Noi deploriamo gli orrori della giustizia americana in cui il Prosecutor è alle dipendenze del Ministro della Giustizia e un innocente come Chico Forti è stato condannato all'ergastolo per un omicidio che non ha commesso e per il quale non aveva alcun interesse sulla base del nulla: non ci sono né prove né indizi né sospetti. Ci sono solo dei comportamenti scorretti da parte degli investigatori e dei giudici che hanno totalmente disapplicato le regole del giusto processo.
Legato al problema della imparzialità è quello della invocata “funzione politica” del pubblico ministero. Parliamo della funzione che l'ufficio del pubblico ministero può e deve svolgere nella vita pubblica e quindi nel senso più elevato del termine.
A questo riguardo è sempre utile risalire – malgrado l'evoluzione che ha assunto rispetto al significato originario- al principio della separazione dei poteri, enunciato due secoli fa da Montesquieu; il quale ammoniva che “non vi è libertà quando il potere giudiziario non è separato da quello legislativo e da quello esecutivo”, perché diversamente “il giudice potrebbe avere la forza di un oppressore”. Forse sarebbe meglio dire che il giudice ed il pubblico ministero possono essere strumenti nelle mani deglioppressori che governano. Questo vale non solo se la confusione dei poteri sia la legge scritta, il che accade di rado, ma anche quando si verifica di fatto, come lo straripamento di un potere sull'altro. Come fa spesso il Premier ai nostri giorni, pensando di essere legibus salutus.

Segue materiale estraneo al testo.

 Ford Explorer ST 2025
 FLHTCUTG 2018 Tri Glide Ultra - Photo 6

Come è necessario guardarsi dal pericolo che il potere politico voglia controllare il pubblico ministero, così occorre evitare anche che il potere giudiziario si arroghi finalità politiche che non sono di sua competenza. Indubbiamente l'esercizio del potere giudiziario, come di ogni altro potere, non può mai essere del tutto esente da una certa connotazione politica, specie quando investe organi della pubblica amministrazione o del parlamento, purché intesa a garantire il principio che la legge è uguale per tutti.

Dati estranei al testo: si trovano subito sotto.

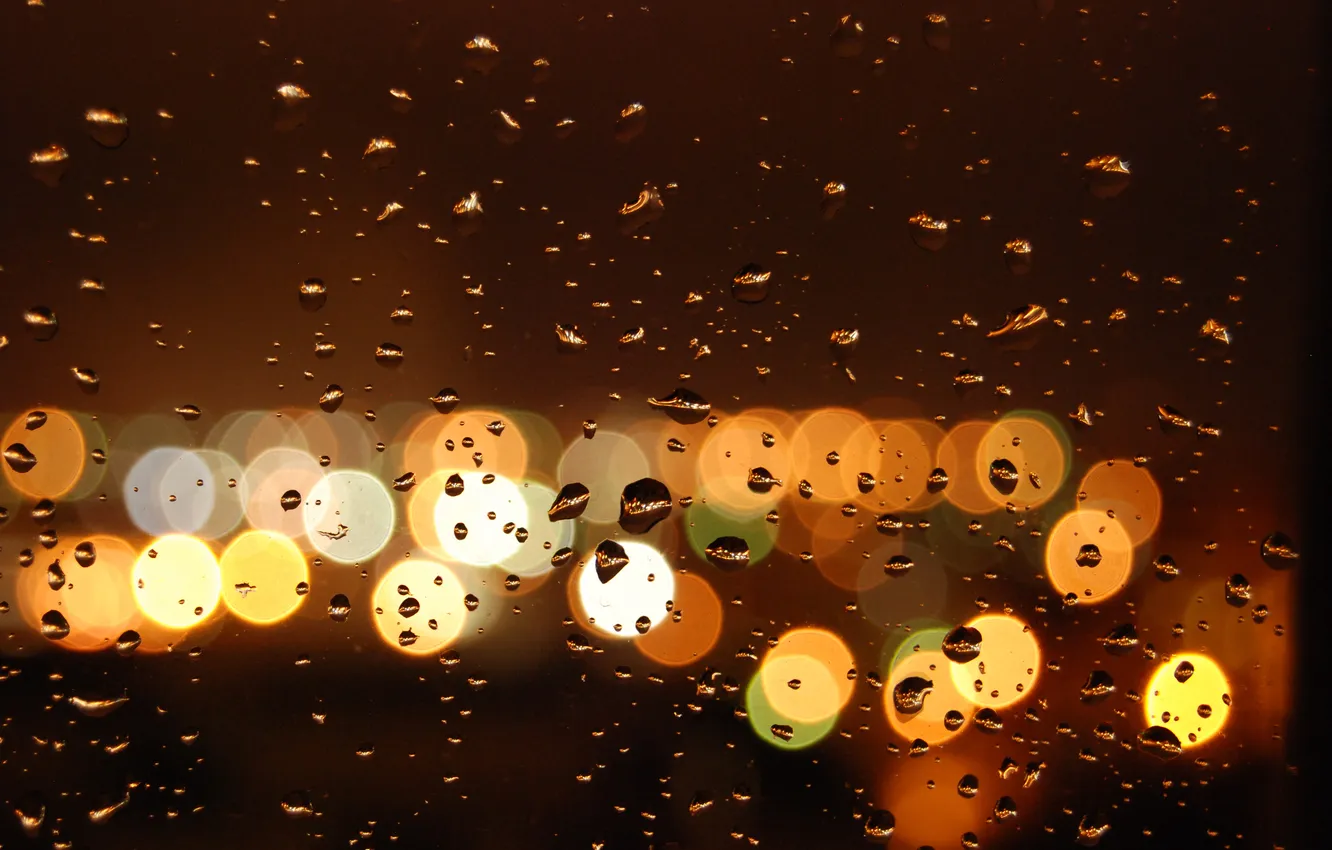 Фото обои стекло, капли, город, огни, дождь, вечер, bokeh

Per evitare il superamento del limite oltre il quale la purezza o la nobiltà del fine rischi di trasformarsi in strumento, magari inconsapevole, di finalità estranee alla applicazione imparziale della legge, occorre riandare all'insegnamento del grande Francesco Carrara. Che così scrisse: “Giustizia e politica non nacquero sorelle. Quando la politica entra dalla porta del tempio, la Giustizia se ne fugge impaurita per tornarsene al cielo”.1
Spetta però soprattutto ai giudici di esercitare un vigile controllo sull'operato dei p.m. e trovare ungiusto equilibrio per evitare che il perseguimento di queste finalità investigative si risolva in una lesione dei diritti individuali. Ma la cosa peggiore che si possa fare è di sottoporre il PM al servizio del potere politico, cosa vietata dalla Carta fondamentale.
L'altro punto fondamentale della giustizia è l'eguaglianza dei cittadini di fronte alla legge, a prescindere dalla posizione sociale e dalla funzione. Se al titolare del potere di governo è lecito fare ciò che vuole, compresi i delitti più gravi, come la corruzione e la associazione mafiosa, tutti gli altri cittadini si sentiranno liberi di fare altrettanto. Ed i mafiosi avranno diritto di ritenere che loro sono discriminati rispetto al Presidente del Consiglio. E i giudici non se la sentiranno di condannare i cittadini corrotti e non il Presidente del Consiglio corruttore. E sarà vanificato il principio di legalità che deve obbligare tutti i cittadini, indistintamente. E questo privilegio in Italia si cerca di attuarlo a favore del Presidente del Consiglio per gravi delitti commessi fuori dall'esercizio delle funzioni.